*WHAT NEEDS TO BE DONE*:
From the line with "An Opus Interactive" through the line with "Official Cats For", repeat the entries verbatim, both end lines included, and add nothing.

*EXTRACTED INFORMATION*:
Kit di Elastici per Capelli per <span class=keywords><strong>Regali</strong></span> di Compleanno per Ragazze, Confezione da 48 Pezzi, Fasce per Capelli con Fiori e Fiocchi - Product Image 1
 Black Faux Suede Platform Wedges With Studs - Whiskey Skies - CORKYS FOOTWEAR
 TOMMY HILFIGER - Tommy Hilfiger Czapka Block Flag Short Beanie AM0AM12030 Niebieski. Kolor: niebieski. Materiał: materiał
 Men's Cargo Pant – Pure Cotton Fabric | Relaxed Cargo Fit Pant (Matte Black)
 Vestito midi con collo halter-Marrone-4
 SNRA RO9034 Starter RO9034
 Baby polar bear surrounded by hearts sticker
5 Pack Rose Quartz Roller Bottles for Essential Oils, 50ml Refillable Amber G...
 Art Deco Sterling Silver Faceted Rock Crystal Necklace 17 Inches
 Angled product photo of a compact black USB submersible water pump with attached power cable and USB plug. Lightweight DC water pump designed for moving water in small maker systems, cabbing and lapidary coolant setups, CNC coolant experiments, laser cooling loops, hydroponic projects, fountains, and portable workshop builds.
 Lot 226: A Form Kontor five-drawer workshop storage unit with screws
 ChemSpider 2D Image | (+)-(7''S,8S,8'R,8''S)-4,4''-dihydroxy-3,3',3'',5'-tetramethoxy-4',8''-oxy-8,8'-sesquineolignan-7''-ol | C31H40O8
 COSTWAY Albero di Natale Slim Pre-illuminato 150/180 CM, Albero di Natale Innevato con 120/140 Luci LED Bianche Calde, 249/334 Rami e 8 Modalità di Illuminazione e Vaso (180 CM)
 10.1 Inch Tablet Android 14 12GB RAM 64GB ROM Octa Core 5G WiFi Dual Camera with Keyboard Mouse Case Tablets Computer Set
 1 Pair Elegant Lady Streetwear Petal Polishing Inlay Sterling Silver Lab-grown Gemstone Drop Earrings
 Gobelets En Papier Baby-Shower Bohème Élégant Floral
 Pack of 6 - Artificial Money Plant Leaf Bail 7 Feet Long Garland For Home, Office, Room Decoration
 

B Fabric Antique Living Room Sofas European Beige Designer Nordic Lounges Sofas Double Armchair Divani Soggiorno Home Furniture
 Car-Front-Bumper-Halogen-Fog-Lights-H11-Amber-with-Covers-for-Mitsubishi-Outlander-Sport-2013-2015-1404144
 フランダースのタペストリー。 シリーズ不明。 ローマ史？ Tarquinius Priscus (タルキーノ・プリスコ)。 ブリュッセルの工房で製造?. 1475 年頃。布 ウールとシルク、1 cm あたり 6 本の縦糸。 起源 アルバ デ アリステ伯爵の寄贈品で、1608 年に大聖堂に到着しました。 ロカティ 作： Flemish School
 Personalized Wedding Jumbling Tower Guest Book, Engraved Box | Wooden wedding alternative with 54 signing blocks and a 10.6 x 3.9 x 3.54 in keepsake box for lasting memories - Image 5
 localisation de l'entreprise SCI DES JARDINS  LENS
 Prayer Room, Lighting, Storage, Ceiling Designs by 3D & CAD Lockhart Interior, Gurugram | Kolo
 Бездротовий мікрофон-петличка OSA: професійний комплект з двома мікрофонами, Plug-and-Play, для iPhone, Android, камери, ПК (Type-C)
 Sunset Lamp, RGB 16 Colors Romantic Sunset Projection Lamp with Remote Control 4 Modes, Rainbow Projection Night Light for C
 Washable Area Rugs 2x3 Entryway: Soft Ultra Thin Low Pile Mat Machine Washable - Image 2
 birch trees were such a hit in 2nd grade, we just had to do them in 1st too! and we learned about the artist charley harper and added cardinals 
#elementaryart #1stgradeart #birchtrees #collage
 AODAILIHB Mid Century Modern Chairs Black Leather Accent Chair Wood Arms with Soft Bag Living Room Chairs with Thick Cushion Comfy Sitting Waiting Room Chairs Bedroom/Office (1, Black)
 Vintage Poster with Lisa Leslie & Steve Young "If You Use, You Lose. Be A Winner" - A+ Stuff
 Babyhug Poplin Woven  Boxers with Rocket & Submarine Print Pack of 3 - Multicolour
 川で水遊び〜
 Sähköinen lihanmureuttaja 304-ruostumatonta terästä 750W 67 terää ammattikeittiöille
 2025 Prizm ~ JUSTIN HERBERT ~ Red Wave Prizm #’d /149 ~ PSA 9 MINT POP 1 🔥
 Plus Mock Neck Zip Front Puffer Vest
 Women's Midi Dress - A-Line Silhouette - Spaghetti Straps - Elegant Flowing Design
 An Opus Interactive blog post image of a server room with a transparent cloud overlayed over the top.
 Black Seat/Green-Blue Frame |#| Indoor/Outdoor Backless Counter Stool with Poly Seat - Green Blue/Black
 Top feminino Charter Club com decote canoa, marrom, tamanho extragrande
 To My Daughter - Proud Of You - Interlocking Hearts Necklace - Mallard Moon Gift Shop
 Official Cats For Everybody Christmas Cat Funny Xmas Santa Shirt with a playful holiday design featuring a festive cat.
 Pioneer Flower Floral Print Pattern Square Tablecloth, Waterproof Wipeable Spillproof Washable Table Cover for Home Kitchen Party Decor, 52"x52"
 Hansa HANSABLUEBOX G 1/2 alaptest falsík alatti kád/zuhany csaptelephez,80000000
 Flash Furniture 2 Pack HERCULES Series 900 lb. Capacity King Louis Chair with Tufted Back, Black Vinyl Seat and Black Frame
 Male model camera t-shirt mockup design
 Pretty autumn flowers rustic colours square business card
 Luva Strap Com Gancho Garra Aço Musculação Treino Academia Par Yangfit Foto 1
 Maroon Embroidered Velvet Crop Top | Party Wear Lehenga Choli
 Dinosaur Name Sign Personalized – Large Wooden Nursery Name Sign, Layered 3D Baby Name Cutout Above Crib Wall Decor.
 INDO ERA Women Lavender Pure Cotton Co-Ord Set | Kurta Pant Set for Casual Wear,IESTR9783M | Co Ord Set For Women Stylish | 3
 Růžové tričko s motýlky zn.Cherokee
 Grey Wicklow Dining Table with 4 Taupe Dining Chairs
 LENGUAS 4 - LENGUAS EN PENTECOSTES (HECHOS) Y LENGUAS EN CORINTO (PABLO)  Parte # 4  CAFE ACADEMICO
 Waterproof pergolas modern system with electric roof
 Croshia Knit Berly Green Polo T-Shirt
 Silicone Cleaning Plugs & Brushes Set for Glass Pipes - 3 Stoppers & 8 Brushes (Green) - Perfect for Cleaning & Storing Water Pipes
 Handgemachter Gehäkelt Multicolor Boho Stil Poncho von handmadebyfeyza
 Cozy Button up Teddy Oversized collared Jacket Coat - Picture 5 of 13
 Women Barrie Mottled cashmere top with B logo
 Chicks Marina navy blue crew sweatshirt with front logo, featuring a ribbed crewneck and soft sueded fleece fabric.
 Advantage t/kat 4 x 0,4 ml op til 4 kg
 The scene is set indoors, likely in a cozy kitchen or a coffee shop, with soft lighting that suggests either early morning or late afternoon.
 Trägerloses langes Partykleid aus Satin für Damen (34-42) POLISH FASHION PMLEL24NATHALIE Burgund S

*REPLY TO THE TASK*:
 An Opus Interactive blog post image of a server room with a transparent cloud overlayed over the top.
 Black Seat/Green-Blue Frame |#| Indoor/Outdoor Backless Counter Stool with Poly Seat - Green Blue/Black
 Top feminino Charter Club com decote canoa, marrom, tamanho extragrande
 To My Daughter - Proud Of You - Interlocking Hearts Necklace - Mallard Moon Gift Shop
 Official Cats For Everybody Christmas Cat Funny Xmas Santa Shirt with a playful holiday design featuring a festive cat.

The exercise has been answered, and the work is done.